Посланник фон Этцдорф, ставший после войны нашим послом в Лондоне, был придан моему отделу в качестве офицера связи от министерства иностранных дел. Как-то в беседе, когда речь зашла о названии одного из трудов Шопенгауэра «Мир как воля и представление», он, имея в виду далекое от действительности мышление Гитлера, с горечью заметил: «Мир как воля, но без представления реальностей».
В течение долгих лет мы смотрели глазами противника на все происходящее в мире и на фронтах, чтобы вжиться в характер его мышления и намерений. Поэтому нам удалось вовремя установить: чем дальше, тем больше росла уверенность Советов в конечной победе. И мы были вынуждены признать, что этот процесс вполне обоснован. Вот почему раньше и острее, чем у других, у нас возникло предчувствие неотвратимо приближающейся катастрофы.

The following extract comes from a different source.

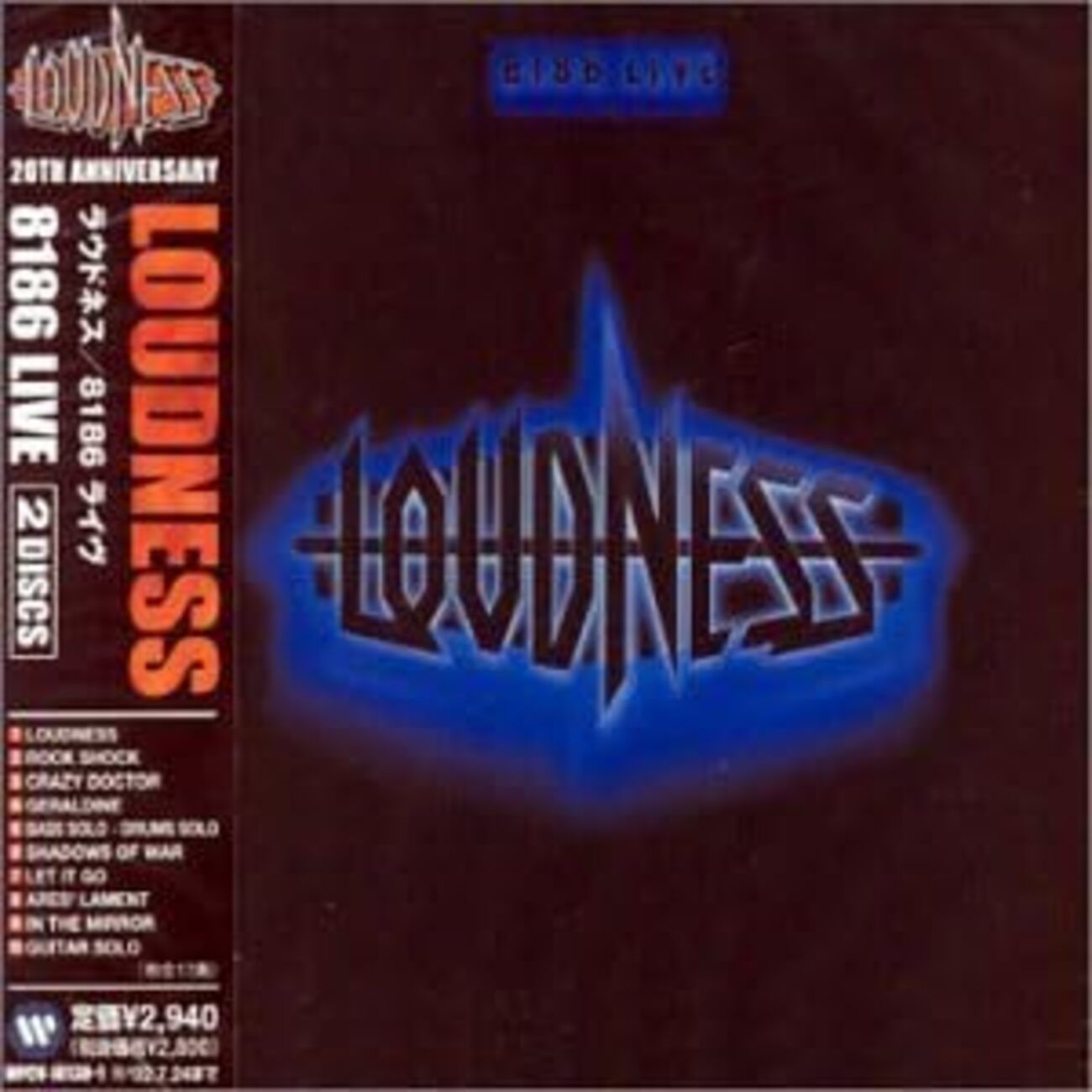 LOUDNESS / 8186 LIVE ── 激情が魂を揺さぶる名盤再考レビュー【感想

Вполне понятно, что при этом непроизвольно возникал вопрос: что же надо делать, когда такое случится? Конечно, подобные мысли приходят не сразу. Они созревают в ходе долгого и мучительного раздумья, часто прерываемого повседневными заботами. Так думал не только я, но многие сотрудники отдела, прежде всего мой преемник Вессель, ставший впоследствии президентом Федеральной разведывательной службы. Нашему единомыслию благоприятствовало то обстоятельство, что мы были, образно говоря, защищены от давления извне благодаря сплоченности моих сотрудников, выдержавших не одно суровое испытание, и полному доверию друг другу. Даже офицер «по национал-социалистическому воспитанию» в моем отделе не был исключением. Но так было далеко не везде. В других подразделениях генштаба можно было встретить радикальные настроения, как в форме ярко выраженного национал-социализма, так и безудержного фатализма. И неудивительно: затянувшаяся неудачная война и непрерывный массированный идеологический пресс оказывали сильное воздействие на военных, особенно молодых офицеров.

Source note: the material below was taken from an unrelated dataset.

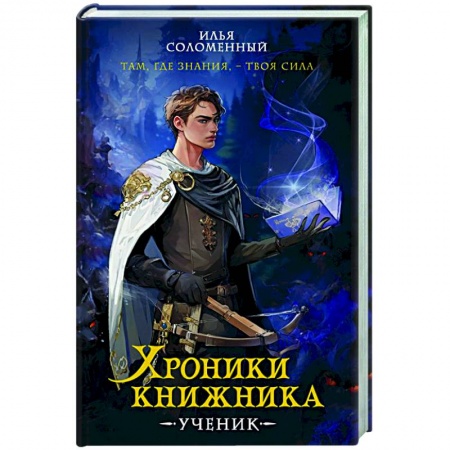 Русское фэнтези, книга Хроники книжника. Ученик. Книга 1 заказать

Не считая забот о семьях, личное будущее беспокоило нас в меньшей степени. А вот судьба отечества внушала нам большую тревогу. В результате удачно проведенных разведывательных операций вскоре после Тегеранской и Ялтинской конференции мы получили сведения о планах союзников. В них шла речь о разгроме Германии и ее послевоенном разделе. Поэтому у нас не было никаких иллюзий в отношении того, что ожидало Германскую империю. Не возлагали мы никаких надежд и на то, что сразу же по окончании войны во вражеской коалиции произойдет раскол, хотя такое мнение часто высказывалось в войсках. И в то же время мы не могли смириться с мыслью о полном крахе Германии.